• [Provided records]
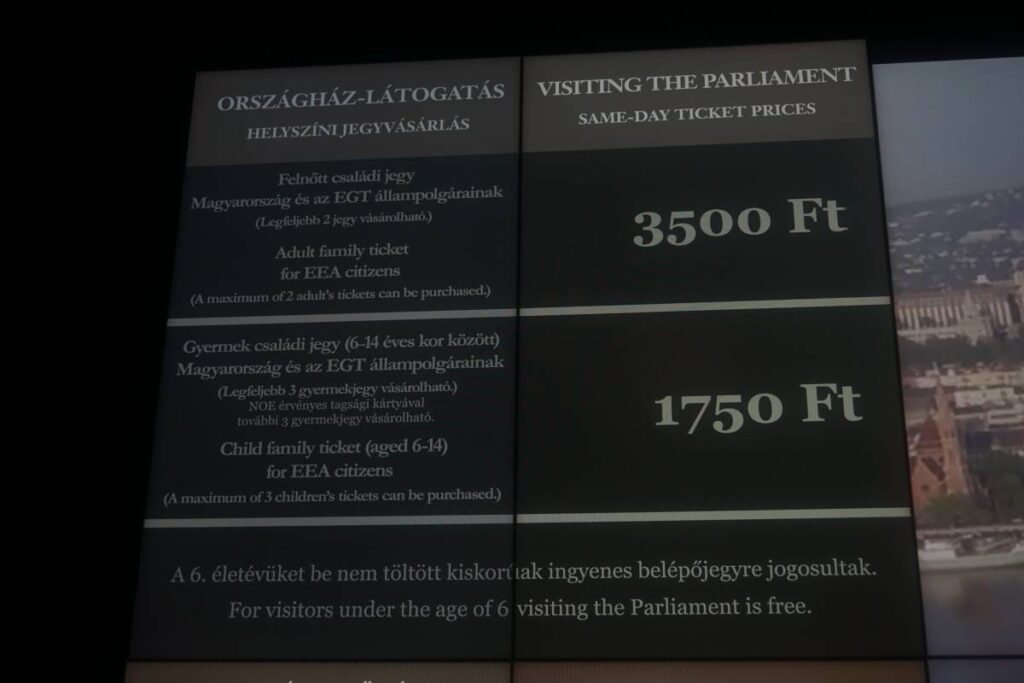 Family ticket price for Hungarian parliament entry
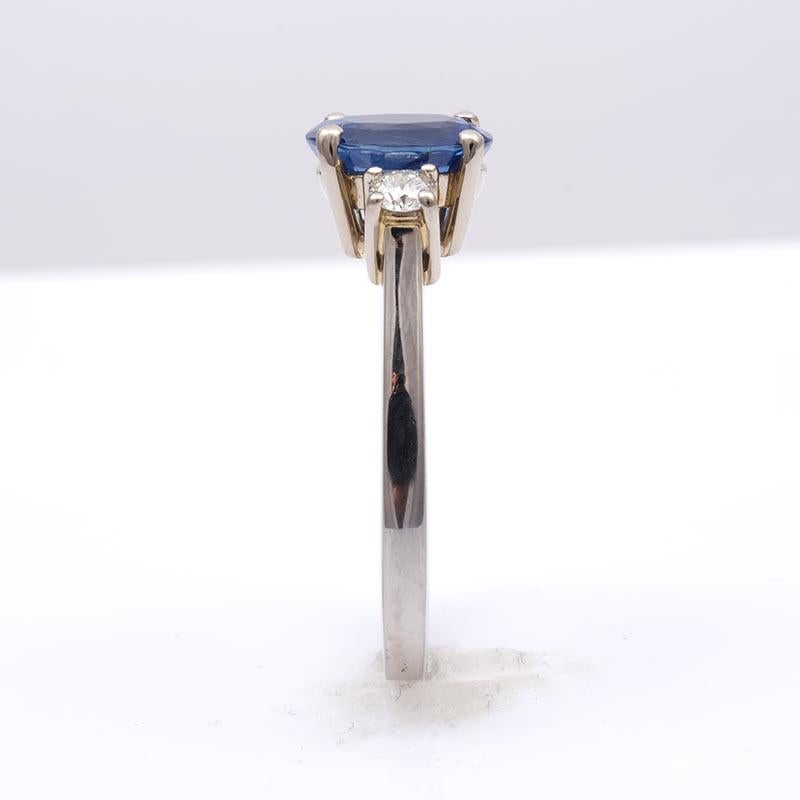 Women's Unheated Blue Sapphire Stone 2.20 cst in 14KWG Ring with Diamonds / GIA Report For Sale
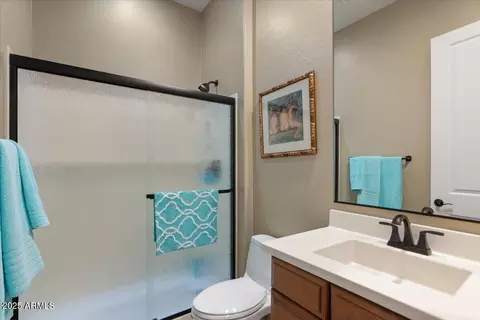 Bath - 3663 E Strawberry Dr, Gilbert, AZ 85298 photo 3 of 4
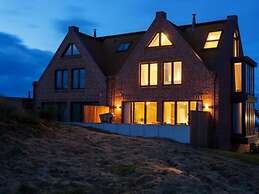 Reethuus Sud Modern Retreat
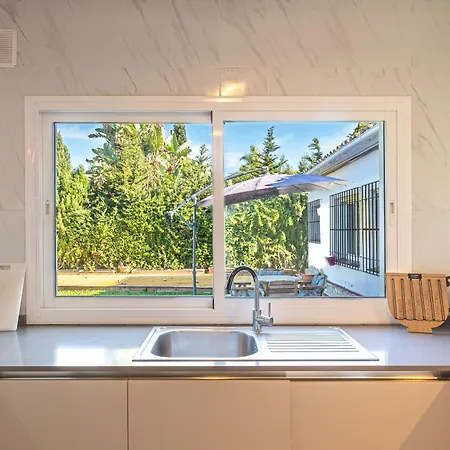 Beautiful Renovated Close Beach 8 People, 4 Bedrooms, 3 Bathrooms, Private Heated Pool, Ping Pong Table, Private Petanque Court Villa
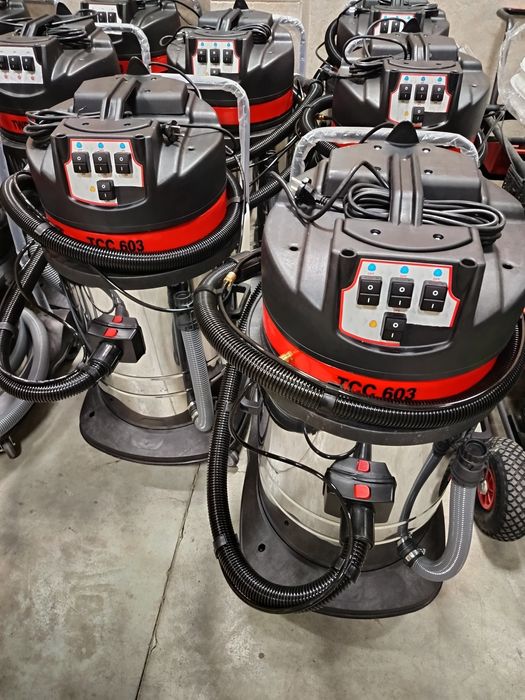 Професионална перяща прахосмукачка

• [Exercise objective] All lines from the one containing "Women's Unheated Blue" through the end of the data are to be written out exactly, with nothing added; skip the pictures.

• [Task result]
 Women's Unheated Blue Sapphire Stone 2.20 cst in 14KWG Ring with Diamonds / GIA Report For Sale
 Bath - 3663 E Strawberry Dr, Gilbert, AZ 85298 photo 3 of 4
 Reethuus Sud Modern Retreat
 Beautiful Renovated Close Beach 8 People, 4 Bedrooms, 3 Bathrooms, Private Heated Pool, Ping Pong Table, Private Petanque Court Villa
 Професионална перяща прахосмукачка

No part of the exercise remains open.